▶ [WHAT THE TASK REQUIRES]:
What is needed is an exact copy of all the lines below.

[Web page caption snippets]

- - - -

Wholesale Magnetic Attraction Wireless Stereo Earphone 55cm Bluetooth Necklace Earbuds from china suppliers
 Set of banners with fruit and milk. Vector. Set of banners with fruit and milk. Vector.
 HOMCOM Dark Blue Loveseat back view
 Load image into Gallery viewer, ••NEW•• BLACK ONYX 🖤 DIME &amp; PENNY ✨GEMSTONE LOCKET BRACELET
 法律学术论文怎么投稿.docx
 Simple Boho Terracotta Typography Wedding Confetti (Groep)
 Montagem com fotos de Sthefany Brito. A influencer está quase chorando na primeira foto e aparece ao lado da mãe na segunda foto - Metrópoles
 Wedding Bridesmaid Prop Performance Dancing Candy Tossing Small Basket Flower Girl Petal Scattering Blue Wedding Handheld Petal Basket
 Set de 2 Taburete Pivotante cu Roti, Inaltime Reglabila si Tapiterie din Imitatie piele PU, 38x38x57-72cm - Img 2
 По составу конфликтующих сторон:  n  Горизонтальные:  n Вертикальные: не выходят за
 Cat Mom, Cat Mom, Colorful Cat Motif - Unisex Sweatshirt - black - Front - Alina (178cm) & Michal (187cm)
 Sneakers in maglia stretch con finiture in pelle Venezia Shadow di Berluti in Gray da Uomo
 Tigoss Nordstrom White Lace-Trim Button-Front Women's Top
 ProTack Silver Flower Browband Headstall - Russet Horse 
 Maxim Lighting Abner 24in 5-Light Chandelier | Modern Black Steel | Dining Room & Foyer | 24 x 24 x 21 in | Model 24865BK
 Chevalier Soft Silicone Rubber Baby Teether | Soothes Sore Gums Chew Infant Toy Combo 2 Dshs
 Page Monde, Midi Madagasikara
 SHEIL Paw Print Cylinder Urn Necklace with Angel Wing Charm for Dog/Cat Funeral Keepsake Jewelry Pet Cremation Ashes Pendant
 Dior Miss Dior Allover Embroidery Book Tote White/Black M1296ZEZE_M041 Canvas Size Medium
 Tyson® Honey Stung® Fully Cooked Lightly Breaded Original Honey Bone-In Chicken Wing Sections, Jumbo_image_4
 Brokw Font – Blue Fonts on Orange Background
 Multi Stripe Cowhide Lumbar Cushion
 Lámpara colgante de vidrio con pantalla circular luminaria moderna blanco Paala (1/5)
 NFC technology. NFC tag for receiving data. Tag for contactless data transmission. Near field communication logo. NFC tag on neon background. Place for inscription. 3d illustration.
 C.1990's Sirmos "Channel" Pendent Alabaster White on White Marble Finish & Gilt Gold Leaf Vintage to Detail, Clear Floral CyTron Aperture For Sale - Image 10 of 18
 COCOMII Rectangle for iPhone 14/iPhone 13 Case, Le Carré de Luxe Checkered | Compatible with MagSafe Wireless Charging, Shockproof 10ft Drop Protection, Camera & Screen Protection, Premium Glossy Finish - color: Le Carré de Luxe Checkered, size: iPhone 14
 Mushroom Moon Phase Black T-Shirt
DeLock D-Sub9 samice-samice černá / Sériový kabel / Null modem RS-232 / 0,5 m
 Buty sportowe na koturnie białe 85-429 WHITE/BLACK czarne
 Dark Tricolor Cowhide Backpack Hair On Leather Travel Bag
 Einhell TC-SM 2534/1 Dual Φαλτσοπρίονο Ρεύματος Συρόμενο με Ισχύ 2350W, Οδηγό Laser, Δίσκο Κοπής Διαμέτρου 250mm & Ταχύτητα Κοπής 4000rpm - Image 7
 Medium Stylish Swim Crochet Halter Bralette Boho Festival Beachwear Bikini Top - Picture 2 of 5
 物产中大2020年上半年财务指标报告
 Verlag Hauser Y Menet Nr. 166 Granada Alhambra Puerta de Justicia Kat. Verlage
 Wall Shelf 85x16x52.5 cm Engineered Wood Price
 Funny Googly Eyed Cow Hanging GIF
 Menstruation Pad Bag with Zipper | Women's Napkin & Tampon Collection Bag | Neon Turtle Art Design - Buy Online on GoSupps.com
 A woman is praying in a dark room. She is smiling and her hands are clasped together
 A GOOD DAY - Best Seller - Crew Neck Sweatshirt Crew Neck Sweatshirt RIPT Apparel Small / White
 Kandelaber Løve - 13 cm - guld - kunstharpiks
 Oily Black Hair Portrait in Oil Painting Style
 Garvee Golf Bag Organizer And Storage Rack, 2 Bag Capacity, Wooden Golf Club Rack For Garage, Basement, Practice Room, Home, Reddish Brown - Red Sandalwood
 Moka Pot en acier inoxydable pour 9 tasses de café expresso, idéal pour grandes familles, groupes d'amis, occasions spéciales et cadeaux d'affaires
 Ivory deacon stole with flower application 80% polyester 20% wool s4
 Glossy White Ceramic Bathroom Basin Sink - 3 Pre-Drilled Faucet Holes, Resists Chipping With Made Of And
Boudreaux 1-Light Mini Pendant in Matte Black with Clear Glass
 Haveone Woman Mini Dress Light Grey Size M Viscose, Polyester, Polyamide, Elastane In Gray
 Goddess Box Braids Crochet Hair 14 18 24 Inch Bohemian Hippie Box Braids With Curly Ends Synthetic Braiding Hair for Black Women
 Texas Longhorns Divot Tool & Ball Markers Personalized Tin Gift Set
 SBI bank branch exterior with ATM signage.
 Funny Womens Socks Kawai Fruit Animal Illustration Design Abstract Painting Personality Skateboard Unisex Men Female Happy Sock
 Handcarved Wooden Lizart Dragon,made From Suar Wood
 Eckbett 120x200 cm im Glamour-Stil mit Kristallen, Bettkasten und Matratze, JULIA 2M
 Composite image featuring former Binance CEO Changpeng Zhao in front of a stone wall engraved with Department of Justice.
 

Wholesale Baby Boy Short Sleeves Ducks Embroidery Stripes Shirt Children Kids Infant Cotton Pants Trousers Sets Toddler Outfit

- - - -

▶ [SOLUTION FOR THIS TASK]:
Wholesale Magnetic Attraction Wireless Stereo Earphone 55cm Bluetooth Necklace Earbuds from china suppliers
 Set of banners with fruit and milk. Vector. Set of banners with fruit and milk. Vector.
 HOMCOM Dark Blue Loveseat back view
 Load image into Gallery viewer, ••NEW•• BLACK ONYX 🖤 DIME &amp; PENNY ✨GEMSTONE LOCKET BRACELET
 法律学术论文怎么投稿.docx
 Simple Boho Terracotta Typography Wedding Confetti (Groep)
 Montagem com fotos de Sthefany Brito. A influencer está quase chorando na primeira foto e aparece ao lado da mãe na segunda foto - Metrópoles
 Wedding Bridesmaid Prop Performance Dancing Candy Tossing Small Basket Flower Girl Petal Scattering Blue Wedding Handheld Petal Basket
 Set de 2 Taburete Pivotante cu Roti, Inaltime Reglabila si Tapiterie din Imitatie piele PU, 38x38x57-72cm - Img 2
 По составу конфликтующих сторон:  n  Горизонтальные:  n Вертикальные: не выходят за
 Cat Mom, Cat Mom, Colorful Cat Motif - Unisex Sweatshirt - black - Front - Alina (178cm) & Michal (187cm)
 Sneakers in maglia stretch con finiture in pelle Venezia Shadow di Berluti in Gray da Uomo
 Tigoss Nordstrom White Lace-Trim Button-Front Women's Top
 ProTack Silver Flower Browband Headstall - Russet Horse 
 Maxim Lighting Abner 24in 5-Light Chandelier | Modern Black Steel | Dining Room & Foyer | 24 x 24 x 21 in | Model 24865BK
 Chevalier Soft Silicone Rubber Baby Teether | Soothes Sore Gums Chew Infant Toy Combo 2 Dshs
 Page Monde, Midi Madagasikara
 SHEIL Paw Print Cylinder Urn Necklace with Angel Wing Charm for Dog/Cat Funeral Keepsake Jewelry Pet Cremation Ashes Pendant
 Dior Miss Dior Allover Embroidery Book Tote White/Black M1296ZEZE_M041 Canvas Size Medium
 Tyson® Honey Stung® Fully Cooked Lightly Breaded Original Honey Bone-In Chicken Wing Sections, Jumbo_image_4
 Brokw Font – Blue Fonts on Orange Background
 Multi Stripe Cowhide Lumbar Cushion
 Lámpara colgante de vidrio con pantalla circular luminaria moderna blanco Paala (1/5)
 NFC technology. NFC tag for receiving data. Tag for contactless data transmission. Near field communication logo. NFC tag on neon background. Place for inscription. 3d illustration.
 C.1990's Sirmos "Channel" Pendent Alabaster White on White Marble Finish & Gilt Gold Leaf Vintage to Detail, Clear Floral CyTron Aperture For Sale - Image 10 of 18
 COCOMII Rectangle for iPhone 14/iPhone 13 Case, Le Carré de Luxe Checkered | Compatible with MagSafe Wireless Charging, Shockproof 10ft Drop Protection, Camera & Screen Protection, Premium Glossy Finish - color: Le Carré de Luxe Checkered, size: iPhone 14
 Mushroom Moon Phase Black T-Shirt
DeLock D-Sub9 samice-samice černá / Sériový kabel / Null modem RS-232 / 0,5 m
 Buty sportowe na koturnie białe 85-429 WHITE/BLACK czarne
 Dark Tricolor Cowhide Backpack Hair On Leather Travel Bag
 Einhell TC-SM 2534/1 Dual Φαλτσοπρίονο Ρεύματος Συρόμενο με Ισχύ 2350W, Οδηγό Laser, Δίσκο Κοπής Διαμέτρου 250mm & Ταχύτητα Κοπής 4000rpm - Image 7
 Medium Stylish Swim Crochet Halter Bralette Boho Festival Beachwear Bikini Top - Picture 2 of 5
 物产中大2020年上半年财务指标报告
 Verlag Hauser Y Menet Nr. 166 Granada Alhambra Puerta de Justicia Kat. Verlage
 Wall Shelf 85x16x52.5 cm Engineered Wood Price
 Funny Googly Eyed Cow Hanging GIF
 Menstruation Pad Bag with Zipper | Women's Napkin & Tampon Collection Bag | Neon Turtle Art Design - Buy Online on GoSupps.com
 A woman is praying in a dark room. She is smiling and her hands are clasped together
 A GOOD DAY - Best Seller - Crew Neck Sweatshirt Crew Neck Sweatshirt RIPT Apparel Small / White
 Kandelaber Løve - 13 cm - guld - kunstharpiks
 Oily Black Hair Portrait in Oil Painting Style
 Garvee Golf Bag Organizer And Storage Rack, 2 Bag Capacity, Wooden Golf Club Rack For Garage, Basement, Practice Room, Home, Reddish Brown - Red Sandalwood
 Moka Pot en acier inoxydable pour 9 tasses de café expresso, idéal pour grandes familles, groupes d'amis, occasions spéciales et cadeaux d'affaires
 Ivory deacon stole with flower application 80% polyester 20% wool s4
 Glossy White Ceramic Bathroom Basin Sink - 3 Pre-Drilled Faucet Holes, Resists Chipping With Made Of And
Boudreaux 1-Light Mini Pendant in Matte Black with Clear Glass
 Haveone Woman Mini Dress Light Grey Size M Viscose, Polyester, Polyamide, Elastane In Gray
 Goddess Box Braids Crochet Hair 14 18 24 Inch Bohemian Hippie Box Braids With Curly Ends Synthetic Braiding Hair for Black Women
 Texas Longhorns Divot Tool & Ball Markers Personalized Tin Gift Set
 SBI bank branch exterior with ATM signage.
 Funny Womens Socks Kawai Fruit Animal Illustration Design Abstract Painting Personality Skateboard Unisex Men Female Happy Sock
 Handcarved Wooden Lizart Dragon,made From Suar Wood
 Eckbett 120x200 cm im Glamour-Stil mit Kristallen, Bettkasten und Matratze, JULIA 2M
 Composite image featuring former Binance CEO Changpeng Zhao in front of a stone wall engraved with Department of Justice.
 

Wholesale Baby Boy Short Sleeves Ducks Embroidery Stripes Shirt Children Kids Infant Cotton Pants Trousers Sets Toddler Outfit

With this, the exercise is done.